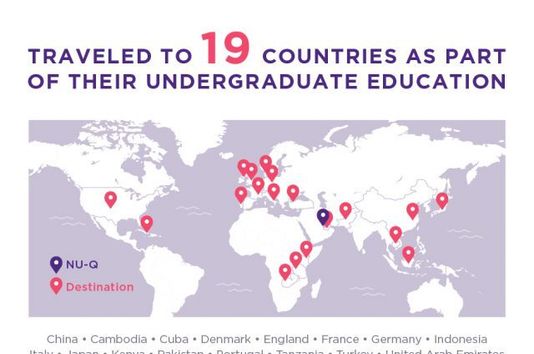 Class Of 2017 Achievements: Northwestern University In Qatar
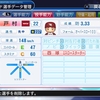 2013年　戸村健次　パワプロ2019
* * *
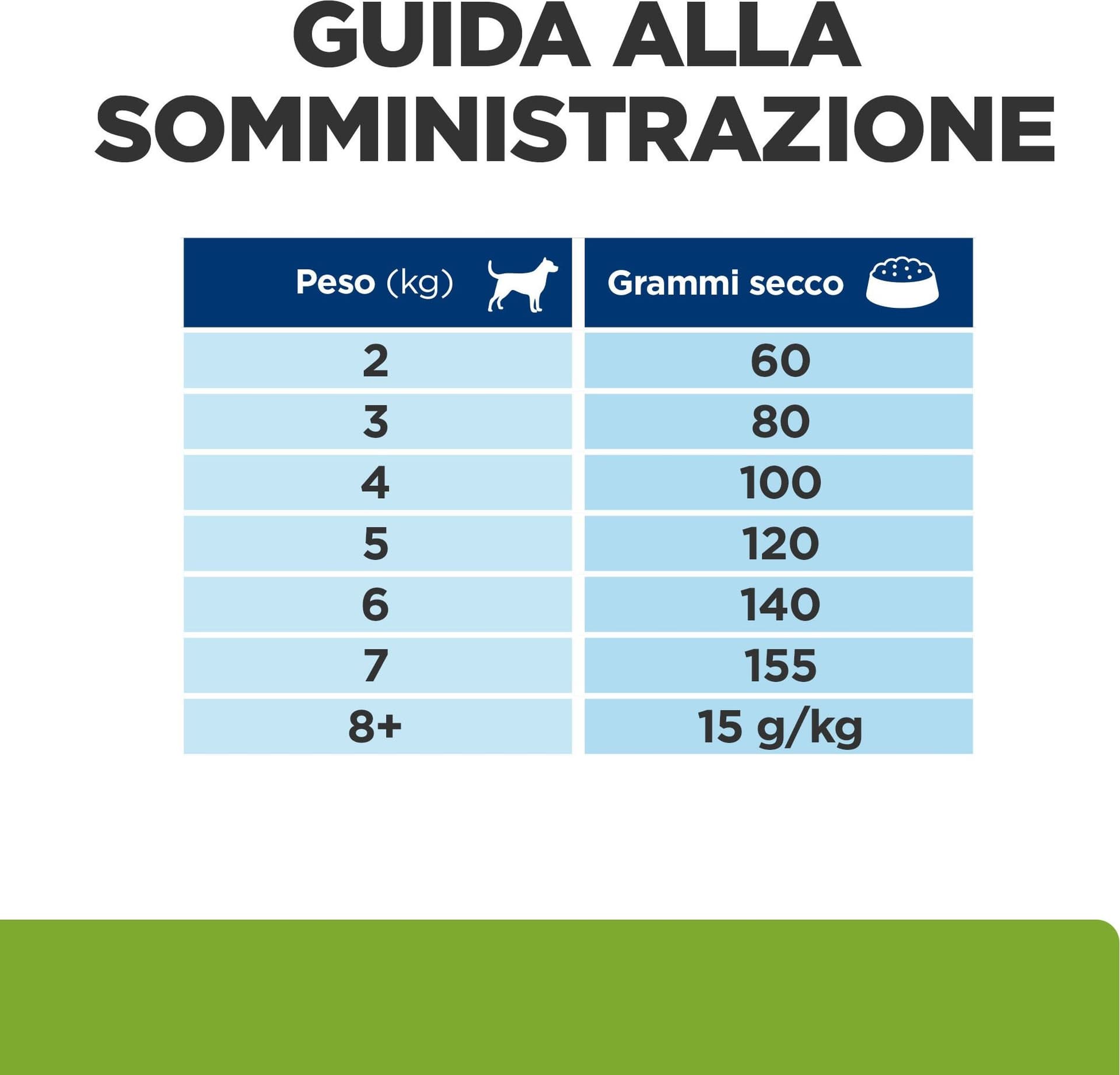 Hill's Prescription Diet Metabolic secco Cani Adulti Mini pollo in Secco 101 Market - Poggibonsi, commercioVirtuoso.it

WHAT YOU SHOULD DO:
From the data above, return exactly the lines from the one with "Class Of 2017" up to and including the one with "2013年　戸村健次　パワプロ2019". Pictures do not go in the copy.

RESPONSE TO THIS TASK:
 Class Of 2017 Achievements: Northwestern University In Qatar
 2013年　戸村健次　パワプロ2019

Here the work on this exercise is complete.